REQUIRED ACTION: Print the data exactly. Omit the pictures.

DATA SHOWN:
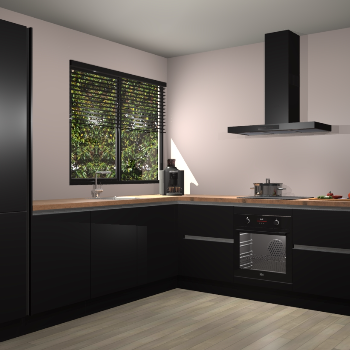 Zwarte greeploze keuken Benidorm 50915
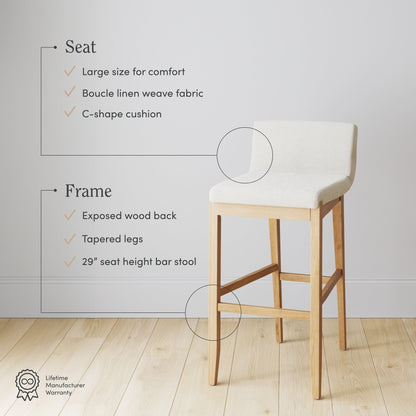 Tabouret de bar moderne Gracie, chaise rembourrée en boucle et pieds en bois brossé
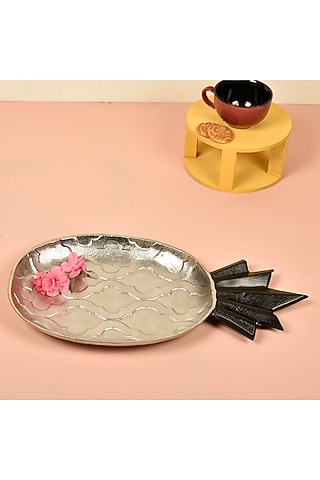 Nickel Finish & Black Pineapple Platter by Manor House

OUTPUT OF THE TASK:
 Zwarte greeploze keuken Benidorm 50915
 Tabouret de bar moderne Gracie, chaise rembourrée en boucle et pieds en bois brossé
 Nickel Finish & Black Pineapple Platter by Manor House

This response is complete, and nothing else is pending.